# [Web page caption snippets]
· · · · · · ·

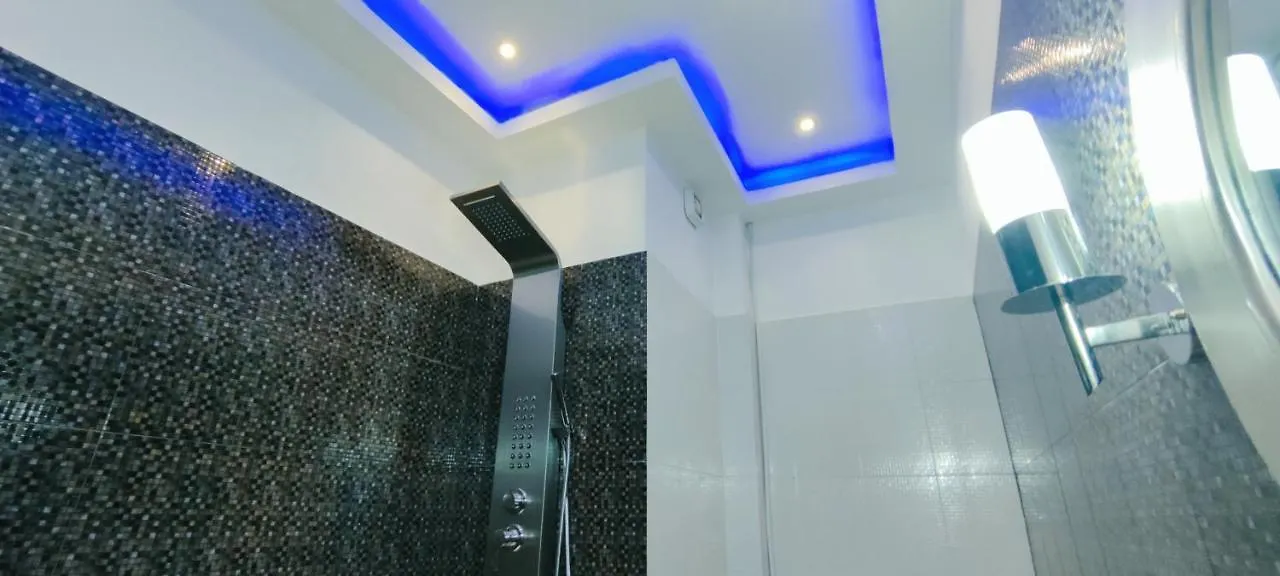 Apartment Kelly'S Luxury Suite In Thessaloniki'S Center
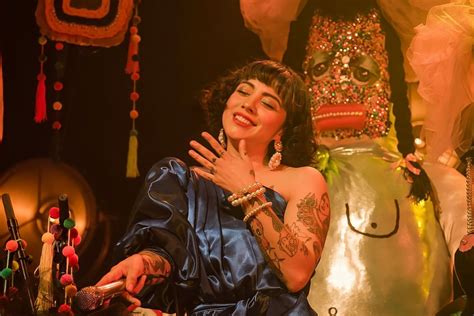 Mon Laferte Se Suma A La Celebración De Los 30 Años De Teatro A Mil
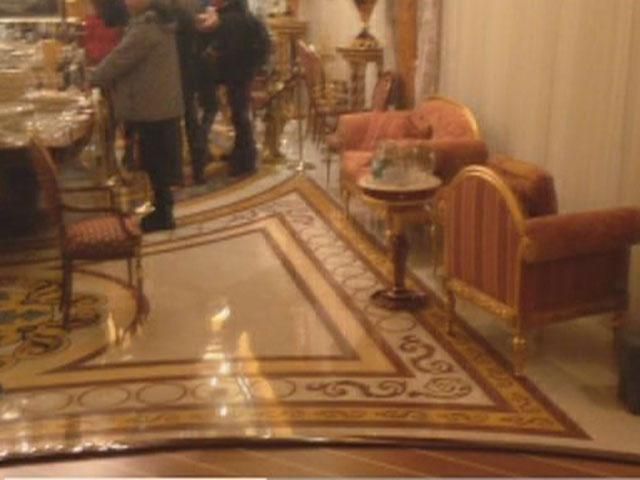 Уникальные кадры с борта дебаркадера Януковича Уникальные кадры с борта дебаркадера Януковича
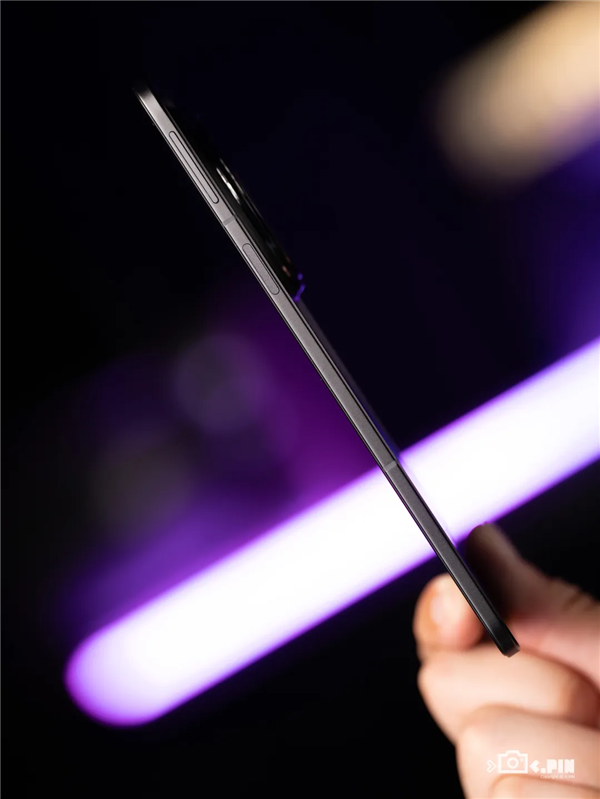 超越行业老大哥！OPPO的新折叠屏好像真的感受不到折痕了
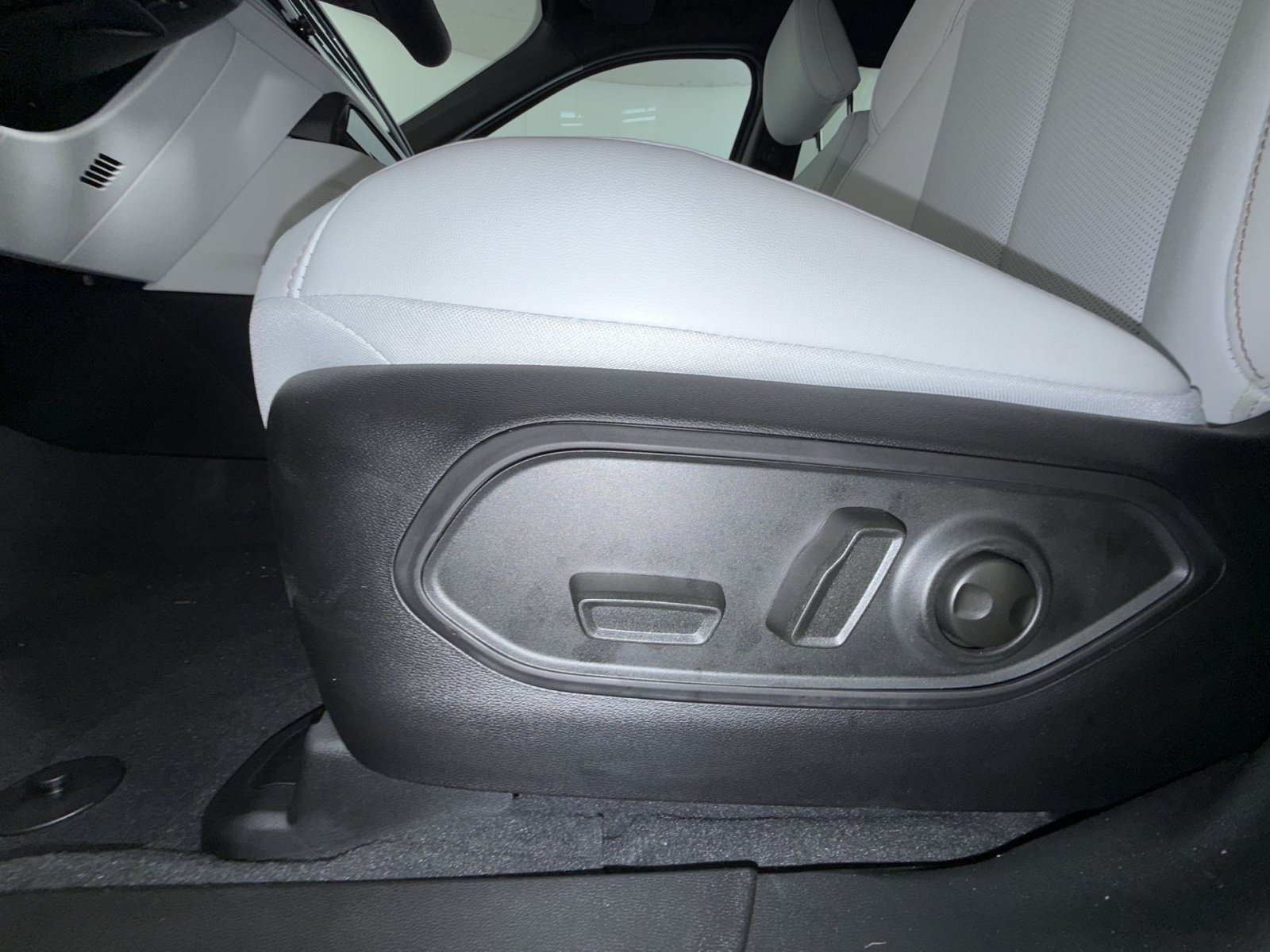 New 2026 Jeep Cherokee Limited AWD/4WD image 14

· · · · · · ·

# [Your task]
Repeat, with no pictures, every line from the top of the entries above through the line that has "超越行业老大哥！OPPO的新折叠屏好像真的感受不到折痕了", keeping each one exact.

# [Solution]
 Apartment Kelly'S Luxury Suite In Thessaloniki'S Center
 Mon Laferte Se Suma A La Celebración De Los 30 Años De Teatro A Mil
 Уникальные кадры с борта дебаркадера Януковича Уникальные кадры с борта дебаркадера Януковича
 超越行业老大哥！OPPO的新折叠屏好像真的感受不到折痕了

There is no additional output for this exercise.